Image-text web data
========================================================================
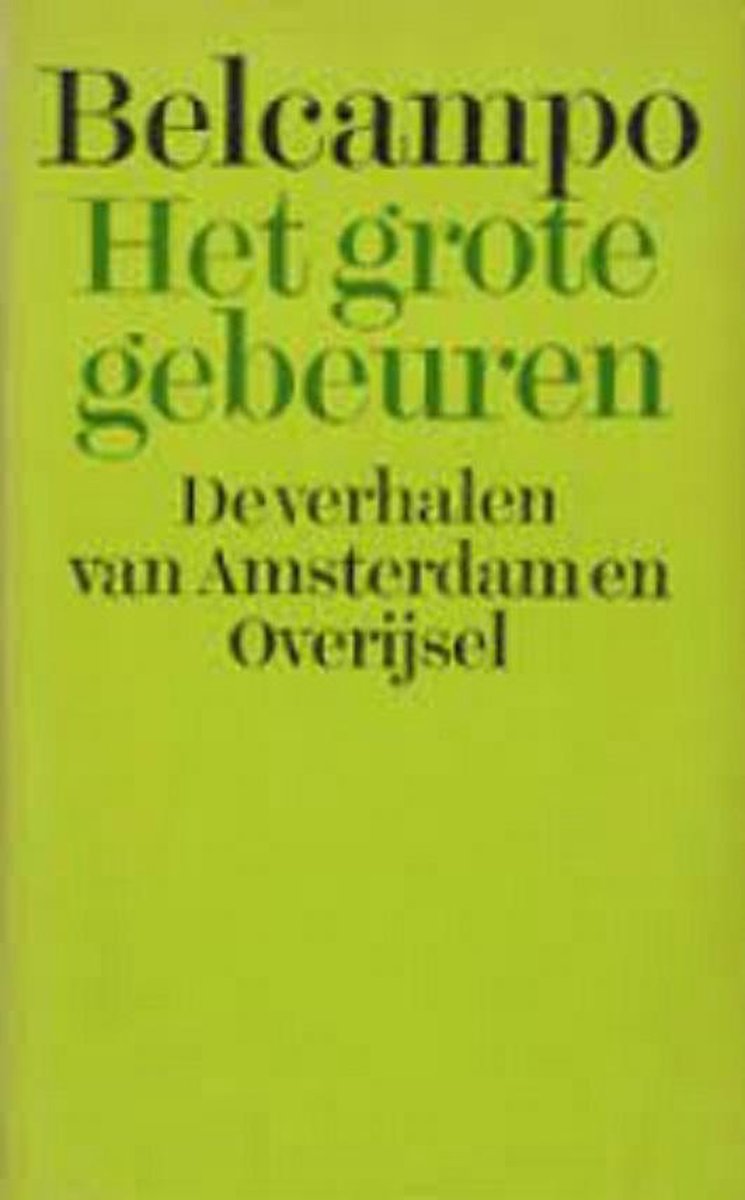 boekenbalie_9789021504704_cover Het grote gebeuren
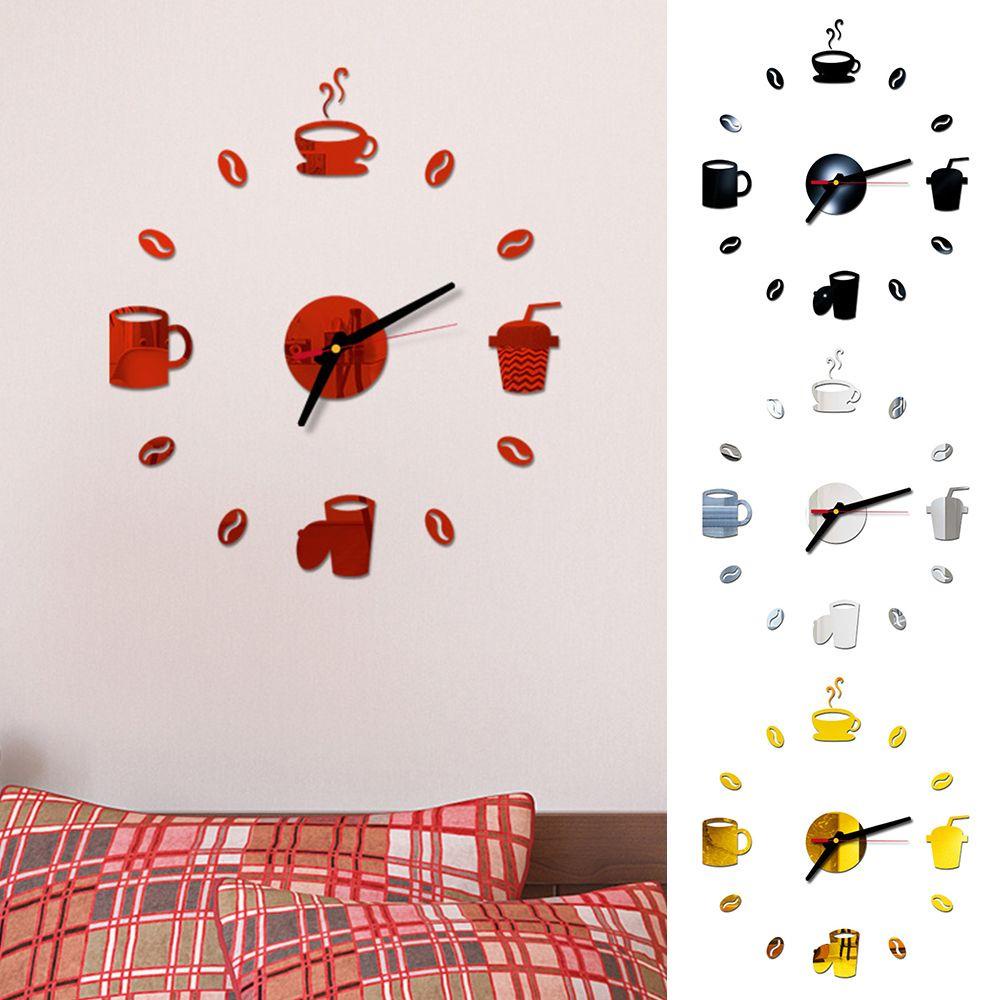 GOGOUP Tất cả các khóa tất cả thời trang  ok-yêu cầu ihaccessories  ok-keo dán người đánh bóng ihilent uartz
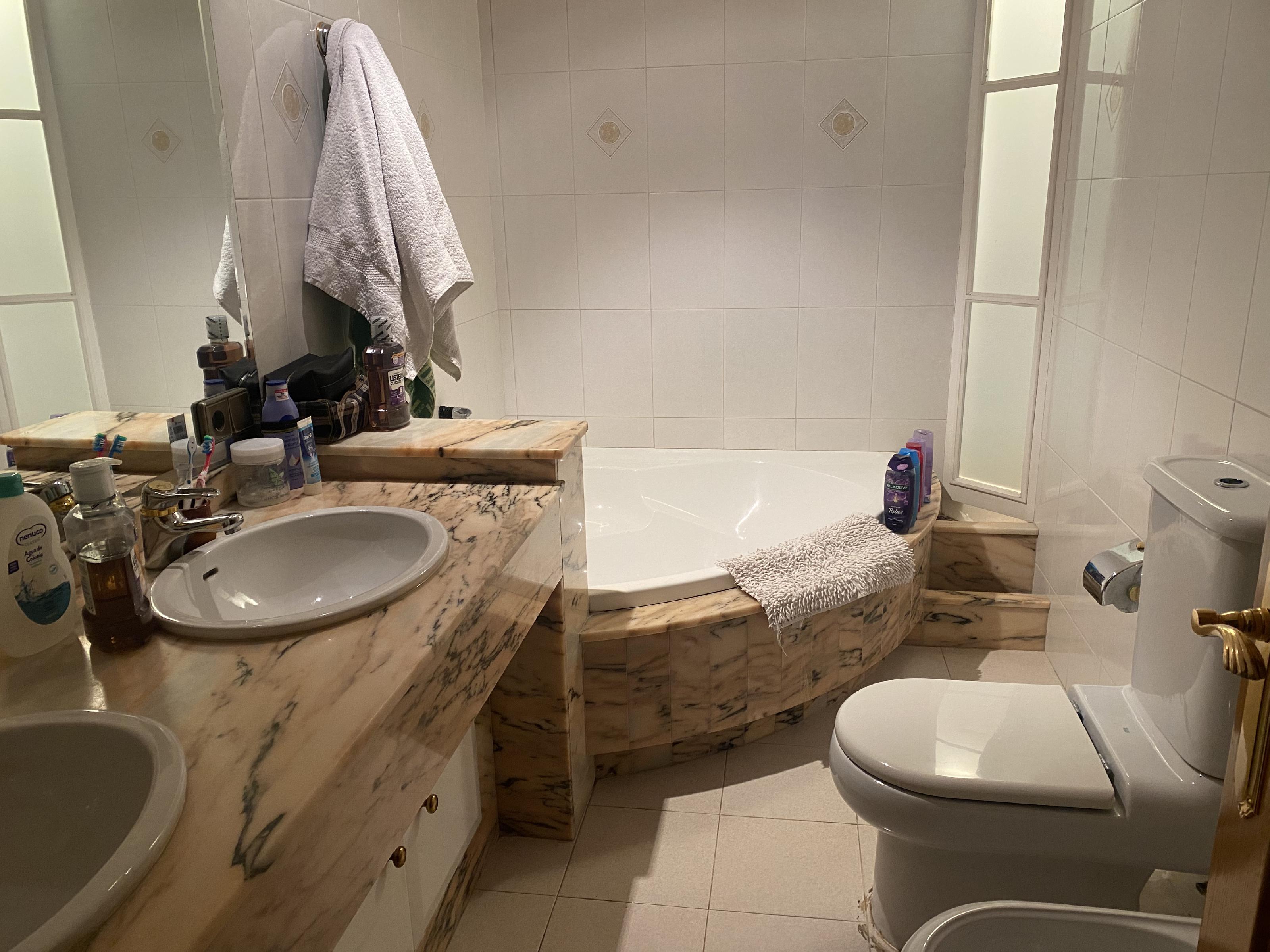 Imagen 20 Casa Aislada en venta en Mollerussa / En el centro de Mollerussa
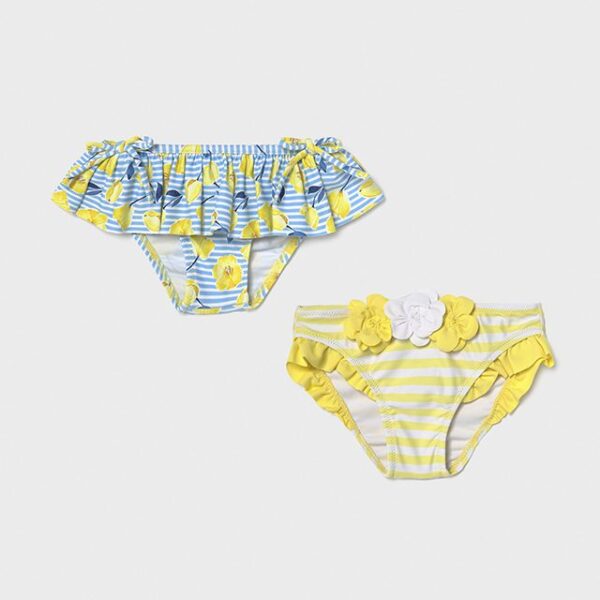 Prvé príkrmy | welcomebaby.sk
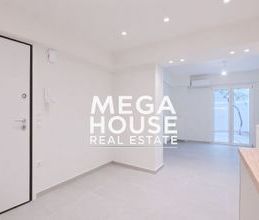 Studio/Γκαρσονιέρα για ενοικίαση - Ιλίσια, - Photo 1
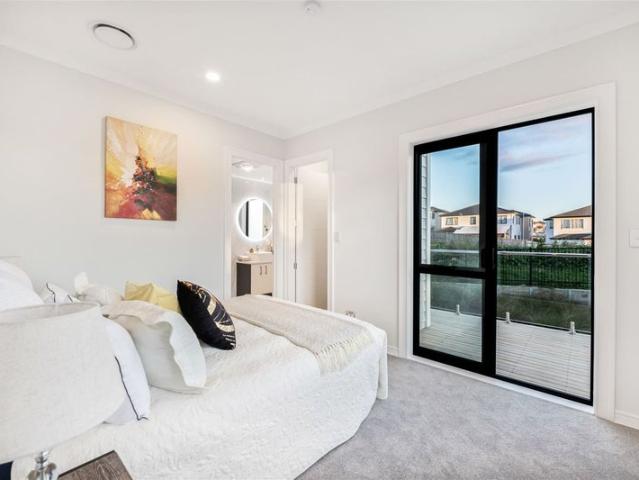 House for rent in East Tamaki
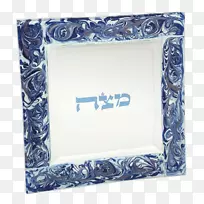 逾越节座板玻璃-空若网 逾越节座板玻璃-空若网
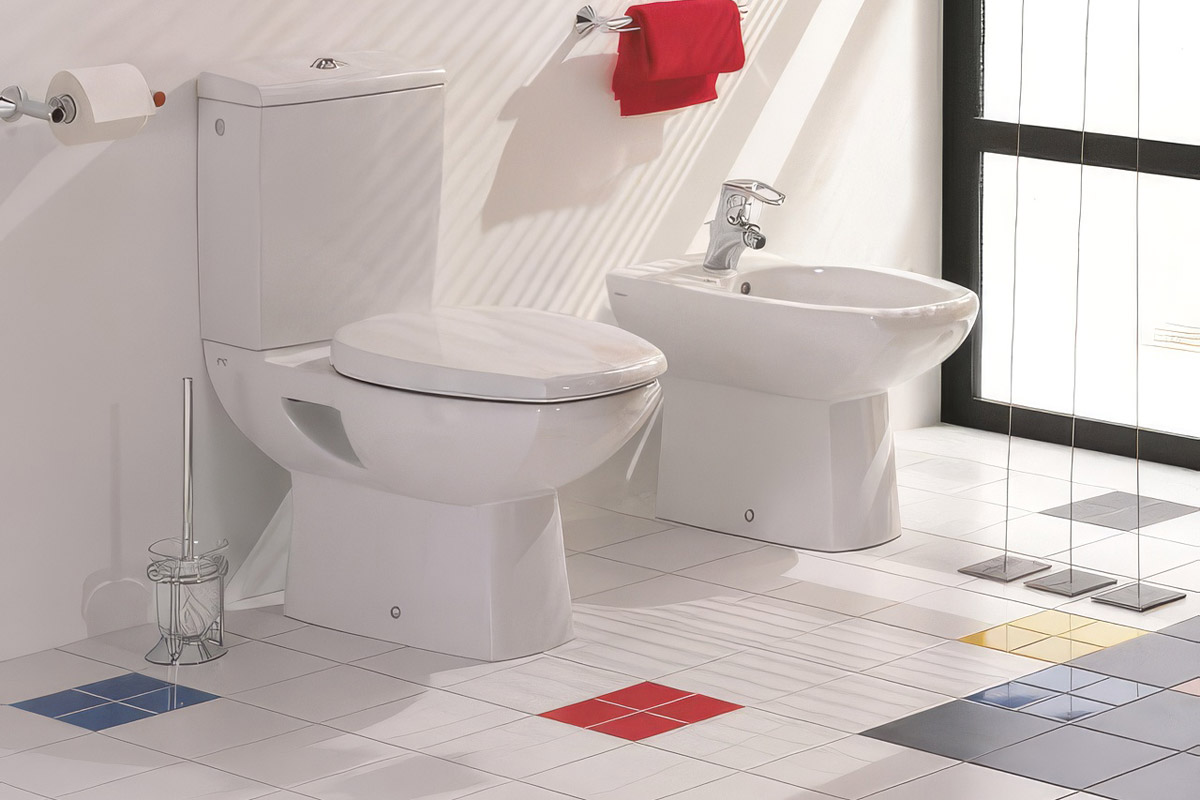 topdom-osvezitev-kopalnice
========================================================================
WHAT YOU ARE ASKED TO DO - Exactly the lines from the one that contains "GOGOUP Tất cả" through the last line of the records should be set down, and the pictures should be dropped.

FINAL ANSWER -
 GOGOUP Tất cả các khóa tất cả thời trang  ok-yêu cầu ihaccessories  ok-keo dán người đánh bóng ihilent uartz
 Imagen 20 Casa Aislada en venta en Mollerussa / En el centro de Mollerussa
 Prvé príkrmy | welcomebaby.sk
 Studio/Γκαρσονιέρα για ενοικίαση - Ιλίσια, - Photo 1
 House for rent in East Tamaki
 逾越节座板玻璃-空若网 逾越节座板玻璃-空若网
 topdom-osvezitev-kopalnice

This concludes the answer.